A defesa do candidato tentou desqualificar o evento como uma reunião de campanha, apresentando-o como uma festa de aniversário para um adolescente de 16 anos, afilhado do responsável pela organização, supostamente sem relação com a candidatura de Zezinho. No entanto, a estratégia foi desmontada pelas provas apresentadas e pelas contradições nos depoimentos das testemunhas.
Primeiro, a juíza destacou que o organizador do suposto aniversário, que afirmou ter investido cerca de R$ 12.000,00 no evento, revelou não ter vínculo biológico com o adolescente e que ele nem sequer residia com o organizador, mas com outro apoiador da campanha, irmão do candidato.
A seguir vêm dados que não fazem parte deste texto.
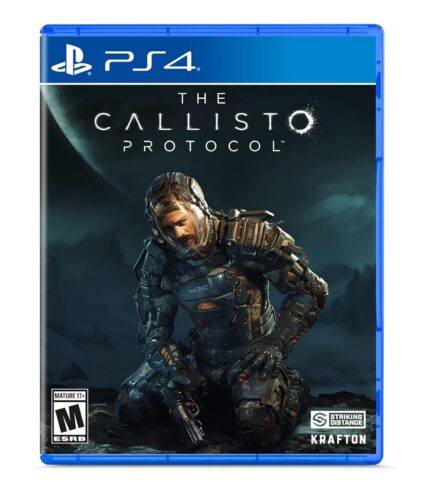 The Callisto Protocol Standard Edition – PlayStation 4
– Destaca-se que, como constou da entrevista, “Tito”, presidente do partido, e “Dinho”, irmão do representado, auxiliariam o candidato na campanha, pois este mesmo afirma que “toda vida me ajudam” e que “esse churrasco que vai ser feito lá vai ser o Dinho e o Tito que vão fazer lá, botar um boi lá pra nós comer – detalha a sentença.
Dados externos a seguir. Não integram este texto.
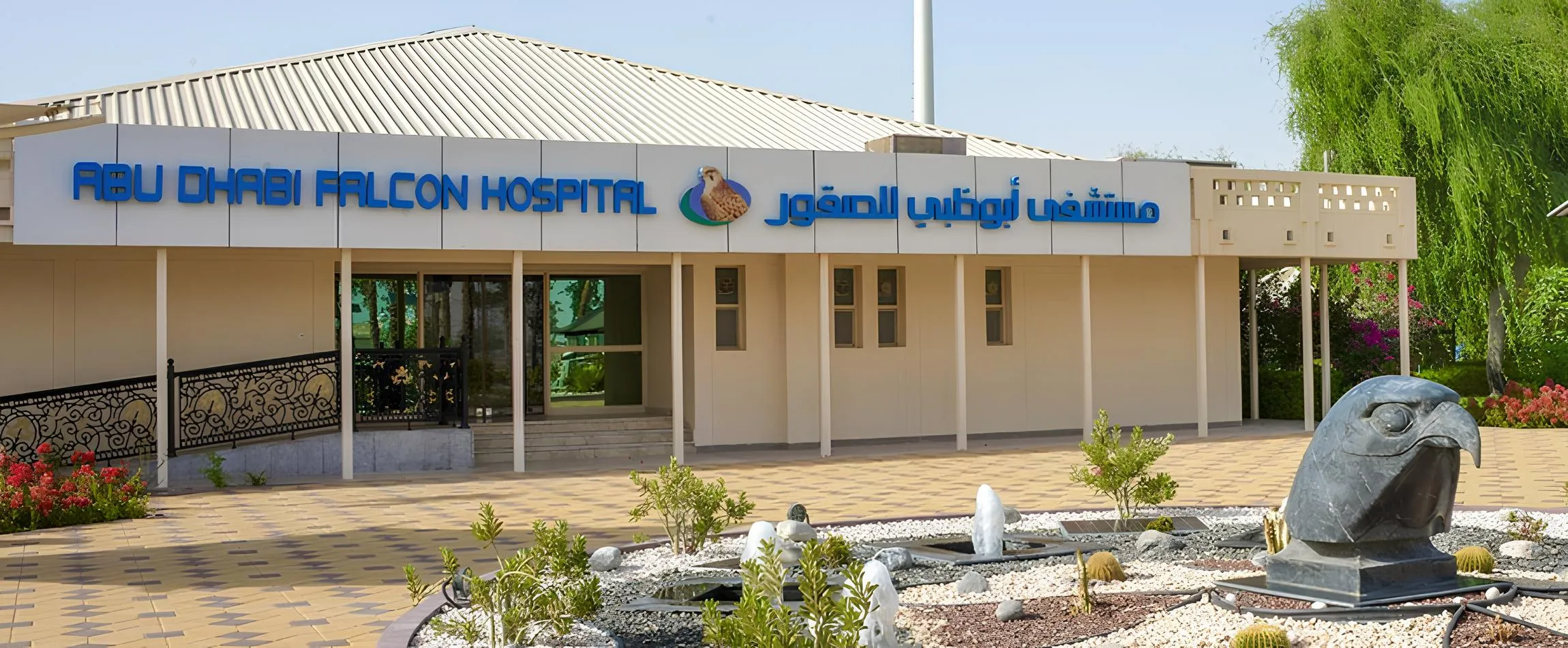 The Falcon Hospital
A juíza também condenou a ‘tentativa de ulteriormente atribuir essas despesas e organização do evento a terceiro’:
– É facilmente percebida e desconstruída, uma vez que não guarda nem sequer verossimilhança. Ocorre que não é crível a organização de evento para 300 pessoas para comemorar aniversário de 16 anos de adolescente com quem não tem vínculo biológico e, embora aduza possuir vínculo afetivo, verificou-se que nem mesmo reside com o depoente. Ademais, não se pode olvidar que a testemunha declarou trabalhar com reciclagem. Se não bastasse, nas imagens do evento acostadas pela representante não se verifica nenhuma alusão a festa de aniversário – bolo, parabéns, decoração ou etc. – e a defesa, por sua, vez, também nenhuma imagem acostou nesse sentido, o que seria fácil comprovar, já que houve diversos registros do evento. Além disso, não se pode olvidar que o evento ocorreu na propriedade de “Dinho”, irmão do representado, mesmo local anunciado por este na aludida entrevista – destacou.
O Tribunal Superior Eleitoral já pacificou entendimento de que, para configurar o abuso de poder, não é necessário provar que a ação alterou o resultado final das eleições, mas sim a gravidade e a desproporcionalidade dos atos em relação à disputa eleitoral. Com isso, a sentença proferida determinou a cassação do registro de candidatura do réu e sua inelegibilidade por 8 anos, garantindo que a integridade do processo eleitoral seja preservada.
A gravidade do caso, evidenciada pelos argumentos do Ministério Público e pela análise da juíza, ressalta a necessidade de se manter a equidade e a lisura no processo eleitoral, punindo exemplarmente qualquer tentativa de manipular a vontade popular por meio de recursos financeiros ou outros benefícios.